Covering an area roughly the size of New Mexico, Tamu Massif towers more than four kilometers above the seafloor. “This volcano is a beast,” says Jörg Geldmacher, a marine geophysicist at the GEOMAR Helmholtz Center for Ocean Research Kiel in Germany.
Tamu Massif’s size may trace back to the unusual circumstances of its origin. Around 145 million years ago lava began pouring out on the seafloor where three mid-ocean ridges came together in a geologic “triple junction.” Each ridge spewed out lava that cooled and preserved a record of the Earth’s magnetism at the time. Because the planet’s magnetic field has reversed direction many times over millions of years, the lava over time recorded stripes of alternating magnetic polarity on either side of the ridge where it was born.
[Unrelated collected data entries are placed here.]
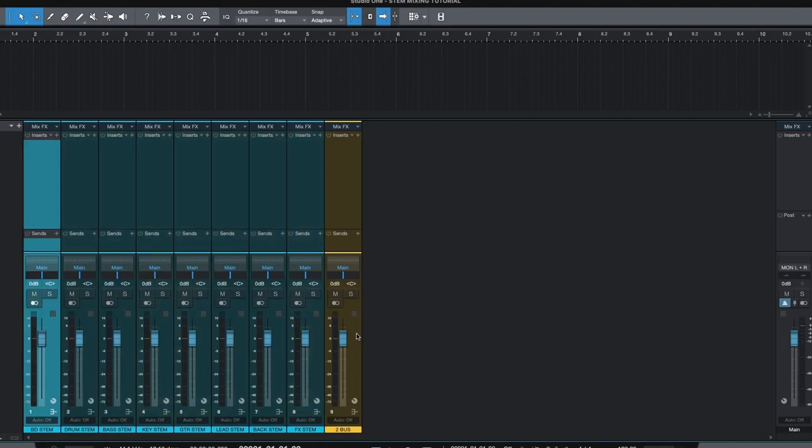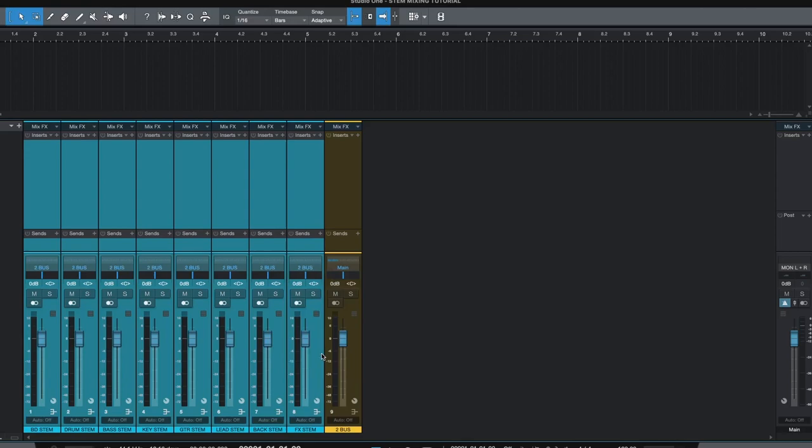Step three: When you are creating subgroups, aux channels with reverbs or other effects, make sure you route these to the corresponding stem.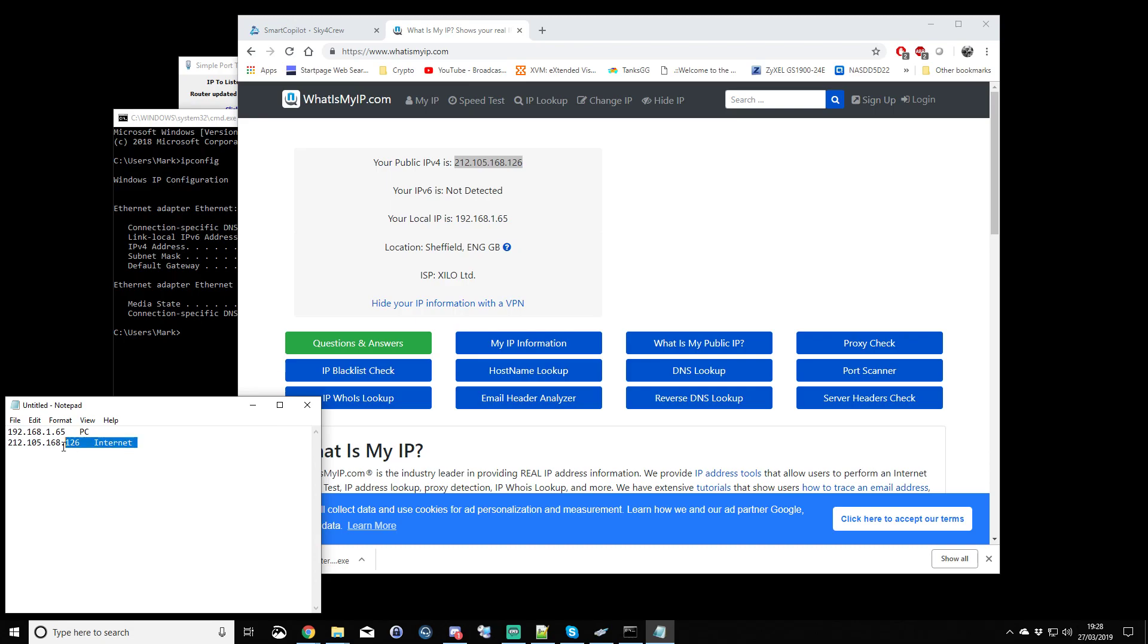So those are my two addresses. Obviously, the Smart Copilot user I want to connect with, they're also going to have two IP addresses, and they're going to be slightly different to mine. But with those two details, we can now move on to actually getting into Smart Copilot and setting up the connection.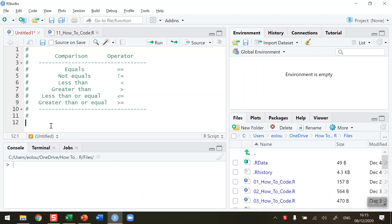Very often when we're programming, certainly in basic programming, we need to be able to compare two values or two vectors with each other. There are six main comparison operators that we're going to use, and I have these loaded as comments at the top of my R code. If we want to see if two values are equal to each other, the operator we use is the double equal sign.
Earlier research cruises had mapped hints of these magnetic stripes, by towing magnetic recording instruments behind ships as they sailed back and forth. But the information was spotty. Sager and Masao Nakanishi, a geophysicist at Chiba University in Japan, organized the Falkor cruise to gather the best magnetic data to date. They sailed up and back over Tamu Massif in an enormous grid covering nearly a million square kilometers.
Some 1.7 million magnetic measurements later, the scientists confirmed what they had only suspected earlier: Tamu Massif seems to have coherent magnetic stripes on either side of it, like those seen at seafloor spreading ridges. That suggests at least part of Tamu Massif was born from fresh lava welling up in orderly stripes at the geological triple junction.
The main mountain itself is more of a shapeless magnetic blob, however. That blobbiness suggests something else is also going on—perhaps a plume of hot rock rising from deep within Earth up through the mantle, fueling an eruption on the surface like a welder’s torch blasting upward. If so, then Tamu Massif is one of the few places on the planet where a mantle plume may have interacted with a triple junction, Geldmacher says.
The question is how much lava came from one as opposed to the other. “If you looked at a mid-ocean ridge and sliced it open, you’d find magma underneath,” Sager says. “How do you get a separate volcanic plumbing system at the same spot?”
The researchers still need to work through the Falkor data, but the new information should help unravel the mystery of the volcano’s birth, Nakanishi says. More broadly, Tamu Massif could help scientists better understand the volcanic phenomena that create the three fifths of Earth’s crust that lies beneath the oceans.
During the cruise, the Falkor also mapped Tamu Massif in unprecedented three-dimensional detail. Among other things it revealed a newfound small mountain off the west end. And steep cliffs at the base of Tamu Massif may represent places where it is subsiding into the seafloor or where underwater landslides occurred.